Come spring we will try a new
idea -- we'll assign a parcel and allow each to "plant for his owne
perticuler" -- in other words, to each according to production or merit,
to keep what is produced or trade as seen fit.
When spring came, something
phenomenal occurred. Previously only some of the men worked the fields.
Now the women and children joined in for survival. What they did was
begin to practice the idea of private ownership, not perfectly, but more
perfectly than ever before. The ensuing harvest was so bountiful that it
gave us the first Thanksgiving Day. As a consequence, there began an era
of growth and development that sooner or later had to lead to
revolutionary ideas. And it did, the American Revolution, which was a
break from all previous history.
No, not that skirmish with King
George in 1776 that some call the American Revolution which was a minor
fracas as such things go, for men had been killing themselves by the
millions arguing over which form of authoritarian government should rule
the lives of the common people.
The real American Revolution is
that clause in the Declaration of Independence that states that all men
are "endowed by their creator with certain unalienable rights, that
among these are life, liberty and the pursuit of happiness." What this
did was remove the king as "sovereign" and put the creator in his place.
Now it's one thing to declare
independence from authority, but it's another to put it into effect. So
there followed the Constitution and the Bill of Rights. The Bill of
Rights is a misnomer because it is not a set of rights but a series of
prohibitions, not against the people but against their government.
There's something like 50 "noes"
and "shall nots." The government shall not abridge freedom of speech,
press, religion, right of assembly, nor shall private property be taken
without just compensation. The founders were mindful that under
Feudalism all land in essence belonged to the sovereign. They fully
agreed with John Locke, "The great and chief end, therefore, of men
uniting into commonwealths, and putting themselves under government, is
the preservation of property ... The supreme power cannot take from any
man any part of his property without his own consent." Arthur Lee of
colonial Virginia declared, "The right of property is the guardian of
every other right, and to deprive a people of this, is in fact to
deprive them of their liberty."
Once this thing got rolling,
there was an outburst of creative energy the world had never seen.
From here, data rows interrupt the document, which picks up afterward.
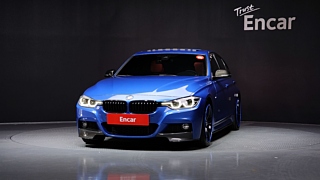 BMW 3-SERIES F30 2017
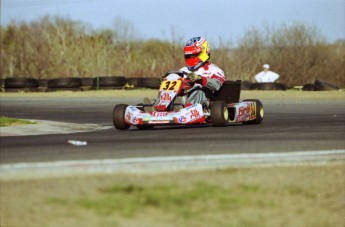 Retour dans le passé - Karting à Château-Richer - 2003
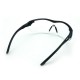 Lunettes de Protection Racers - Verre incolore - MSA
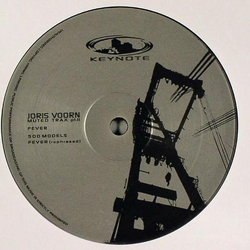 Joris Voorn Muted Trax Part 2 Vinyl 12" USED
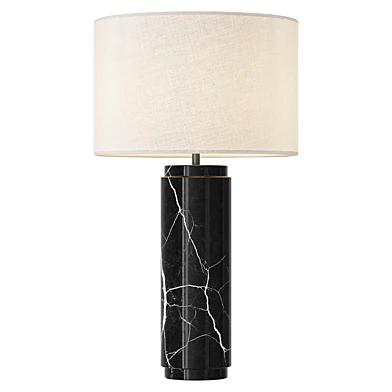 Barden Cylinder Table Lamp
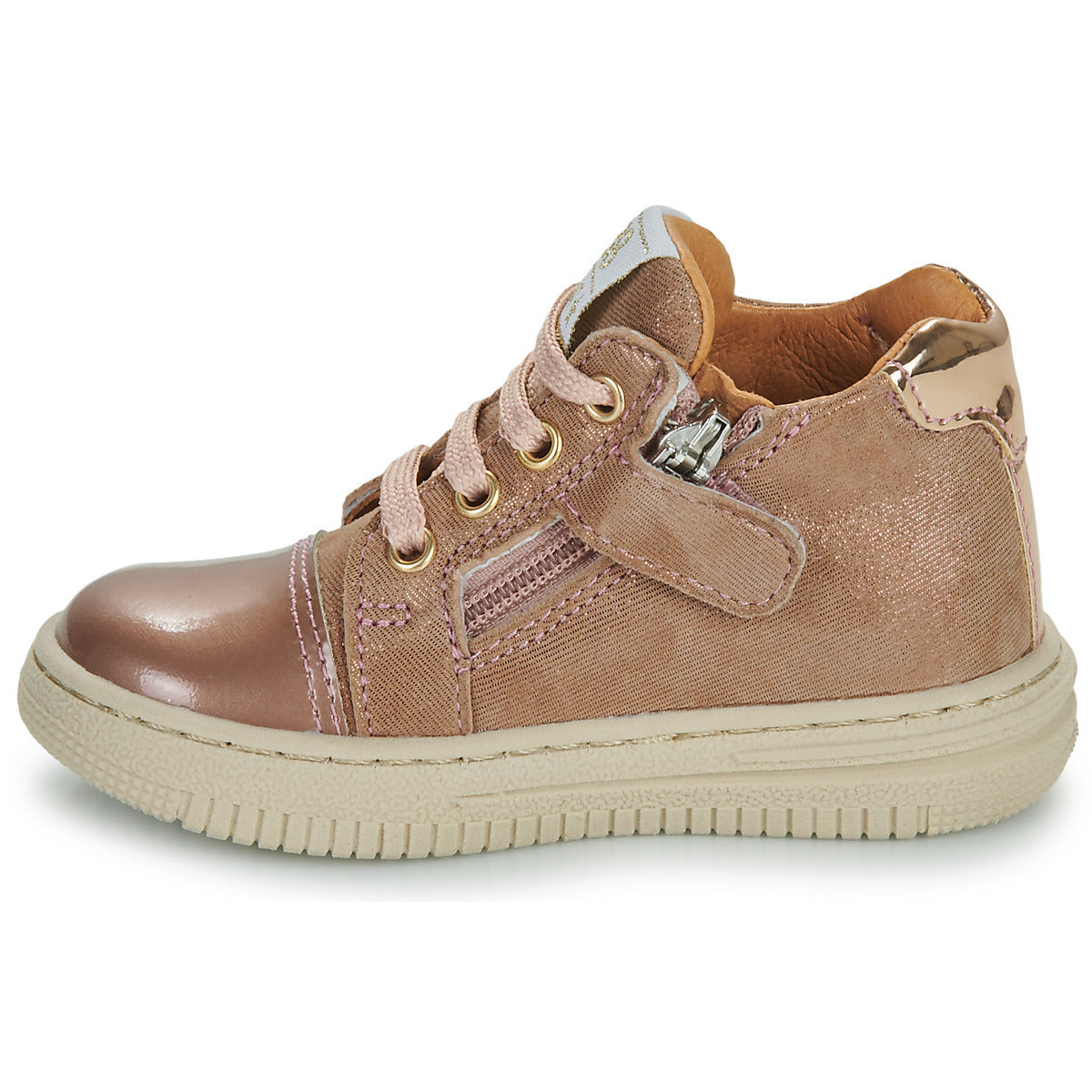 Scarpe bambini ragazzo GBB LIVIA Rosa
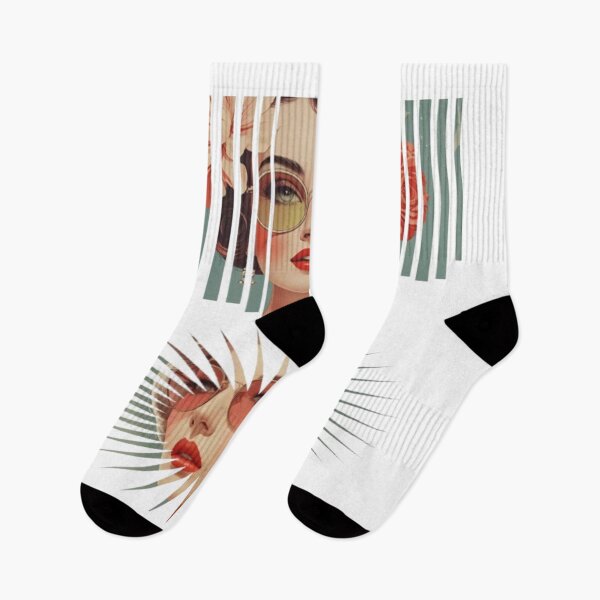 Item preview, Retro Vibes: Embrace Your Feminine Flair designed and sold by Ditstyle.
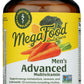MegaFood Mens Advanced Multivitamin 60 ct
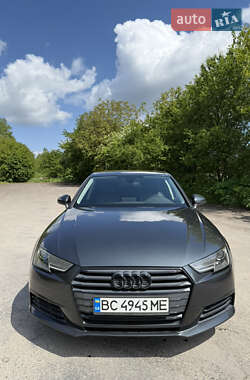 Audi A4 2016 Audi A4 2016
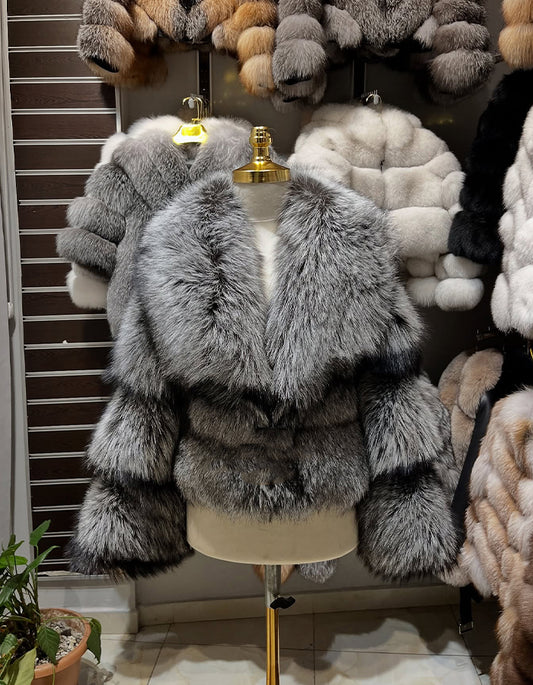 Warm Short Coat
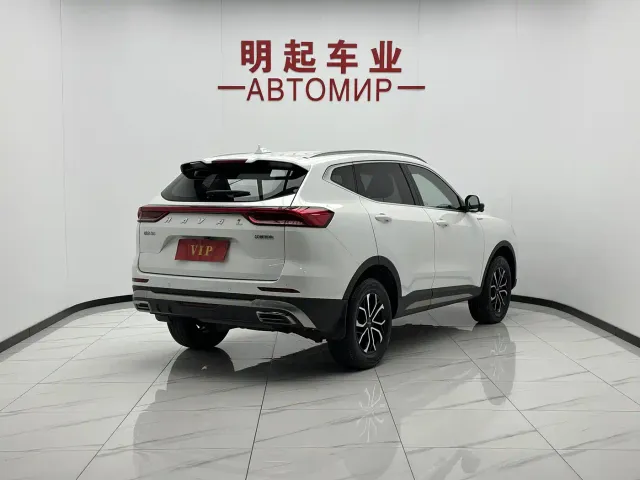 Haval H6 — Фото автомобиля 8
People did not look to government for sustenance because the government
had nothing to give.
So people turned to themselves
-- and became, in the words of Emerson, "a self-reliant people." The
result: more human progress has been made in the past 200 years than in
the previous 2,000. This progress has evolved as the result of a limited
government, a market economy and private property -- the essence of
Americanism.
Today, we're seeing more and
more politicians running away from the American Revolution, and new
interpretations of the Constitution are gradually reinstating a feudal
land-use rights system in place of private property rights -- under the
Endangered Species Act, Carbon Emissions legislation, etc. The
government becomes the sovereign and in essence owns our property and
dictates the type of use, or no use at all, such as open space or
endangered habitat -- while the title holder/citizen/tenant, in lieu of
paying the "sovereign" rent -- pays property taxes.
Is America returning to that era
of regulation and set on redistributing the wealth of its most
productive citizens? A Wall Street Journal front page story
datelined Beijing (Nov. 16, 2010) begins: "Since the end of the Cold
War, the world's powers have generally agreed on the wisdom of letting
market competition -- more than government planning -- shape economic
outcomes." Except by China the article reports, and I would add, the San
Diego County planning department, which is poised to take away the
property rights of several thousand landowners under the guise of a new
government General Plan. The planners claim they know what's best for
us. The plan encompasses 3,570 square miles within the county. Do the
county supervisors agree and have the lessons of Plymouth Colony
irretrievably been lost?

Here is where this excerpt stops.